First 20 years from start

Total  in investments :  Contributions  £46,800,000  + lump sum investments £4,500,000 =

Total contributed investments (principle) = £51,300,000

Total investment funds plus interest £58,995,000

Average investment per member = £3933

Average sum for administration per year : £117,000 based on 5% of contributions + £769500 based on 1.5% of interest on accumulated investment as contributions.(principle)

Reserve funds total after 20 years =  £7,695,5000  NB some of this reserves  might be held as capital assets, as buildings and land for example a centre and a small farm.

******************************************************************************************************8

This modal is a simple and crude modal and can only give an approximate sketch but hopefully is useful as an illustration of a hypothetical potential which can be in the realms of the possible given the right conditions, especially cultural. The averaged out figures obscure the variations over time but as crude as the modal is, it does point to possible development trends. As a social investment there may be opportunities for tax advantages. In addition having a self sufficient and viable  organization might garner support from grants and state support. It would be important to maintain self sufficiency, autonomy and an innovative culture.

A Mutual Solidarity micro pension fund will act as democratically governed investment trust.  It could invest in a host of cooperative enterprises. These could be such as land trusts, housing cooperatives, worker cooperative support funds, (and  with a direct stake if worker cooperatives can be put into a multi stakeholder form), community energy companies, Phone Cooperative, Cooperative Energy, take a stake in the Cooperative Bank in partnership with the proposed customer union. There are a host of other potential  enterprises, housing being a dire need especially for the younger generation as political solutions are liable to be inadequate to many people’s needs.  This allows the pioneering of new pragmatic ways of helping others in a mutual way, getting some basic return  but putting ones own resources to work in a way that others can share in the benefits.
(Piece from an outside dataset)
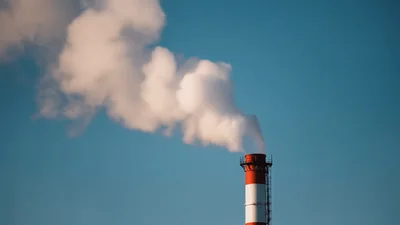 Industrial Chimney Emitting Thick White Smoke Into Blue Sky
There is scope to underwrite the development of an association of enterprises spread throughout the country based on clones or franchises of enterprise which are already established and have a strong public profile such as Suma and Essential food cooperatives. ( An example are the Arizmendi bakeries In the Bay area of California USA) . This may need a more pro active development modal which supports incubators that spin-off new enterprises bound by a democratic multistakeholder relationship. Should something like this take hold other schemes could be established to serve different geographical areas or interest.  A mutual solidarity pension can begin to create a financial field conducive to supporting an emergent sector based on economic democracy and driven by direct agency, people doing it themselves and working this into practical solutions.

There are benefits to be gained by having a long term perspective .  Care must be taken to keep such ventures  democratically alive and corporate light.

Summary of possible benefits of a Mutual Solidarity Micro Pension. (MSMP)

Associative ways of fund building through modest contributions are well understood, these are potentially open to for the participation of the majority  of people.

Given competent adinistration and sound enterprises to invest in these can build up significant patient capital to underwrite democratic enterprises.

Democratic enterprises working as they should will build up community wealth as commons while aiming to distribute benefits monetary or otherwise in an equitable way, overseen by democratic governance.

Democratic enterprises will benefit by being dependant on a debt relationships which is internal to their culture and aims

A MSMP creates a financial field that supports mulitistakeholder relationships aiming to give mutual support and benefits to all parties.

A MSMP is a means of spreading risk.

A MSMP can be scaled up and replicated after a pioneer pilot stage and when political climate becomes benign.